Art. 5º Cabe aos membros do Codefat:
I - zelar pelo fiel cumprimento e observância dos critérios estabelecidos pela
Lei nº 7.998, de 11 de janeiro de 1990;
II - participar das reuniões, debatendo e votando as matérias em exame;
III - fornecer à Secretaria Executiva do Codefat todas as informações e dados
pertinentes ao FAT a que tenham acesso ou que se situem nas respectivas áreas de
competência, sempre que julgá-las importantes para as deliberações do Conselho ou
quando solicitado pelos demais membros;
IV - encaminhar à Secretaria Executiva do Codefat quaisquer matérias, em
forma de voto, que tenham interesse de submeter ao Colegiado;
V - requisitar, à Secretaria Executiva, à Presidência e aos demais membros do
Codefat, informações que julgarem necessárias ao desempenho de suas atribuições;
VI - indicar assessoramento técnico-profissional de suas respectivas áreas ao
Codefat e aos grupos a serem constituídos para tratar de assuntos específicos do FAT, por
conta das instituições que representam; e
VII - cumprir e fazer cumprir este Regimento.
Seção III
Das Reuniões e Deliberações
Art. 6º O Conselho Deliberativo reunir-se-á:
I - ordinariamente, a cada bimestre, por convocação de seu presidente; e
II - extraordinariamente, a qualquer tempo, por convocação de seu presidente
ou de 1/3 de seus membros.
Parágrafo único. Caso a reunião ordinária não seja convocada pelo Presidente
do Conselho Deliberativo, qualquer representação poderá fazê-lo no prazo de 15 (quinze)

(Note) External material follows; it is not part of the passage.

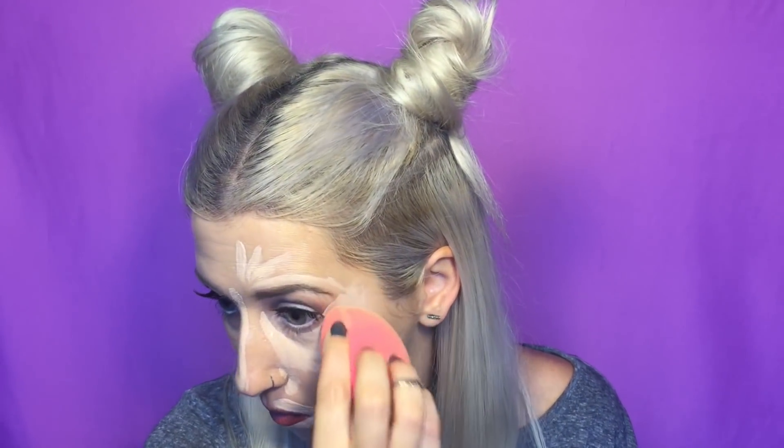I will blend that out with my Beauty Blender. It's blending out really easy and it's looking really pretty so far. From what I can tell already that is super pretty. I haven't set it yet obviously with powder but it covered very very well. Dark spots — I could do a little bit more coverage — but it's really pretty.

dias, a contar da data aprazada para a sua realização.
Art. 7º As reuniões ordinárias do Conselho Deliberativo serão realizadas em
dia, hora e ambiente definidos com antecedência mínima de 15 (quinze) dias.

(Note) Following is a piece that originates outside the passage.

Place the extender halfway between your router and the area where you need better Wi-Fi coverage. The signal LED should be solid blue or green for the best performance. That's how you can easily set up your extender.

Parágrafo único. Os membros do Conselho Deliberativo deverão receber, com
antecedência mínima de 7 (sete) dias úteis da reunião ordinária, a ata da reunião que a
precedeu, a pauta, e, em avulso, a documentação relativa às matérias que constarem da
mesma;
Art. 8º As reuniões extraordinárias do Conselho Deliberativo serão realizadas
em dia, hora e ambiente definidos com antecedência máxima de 15 (quinze) dias.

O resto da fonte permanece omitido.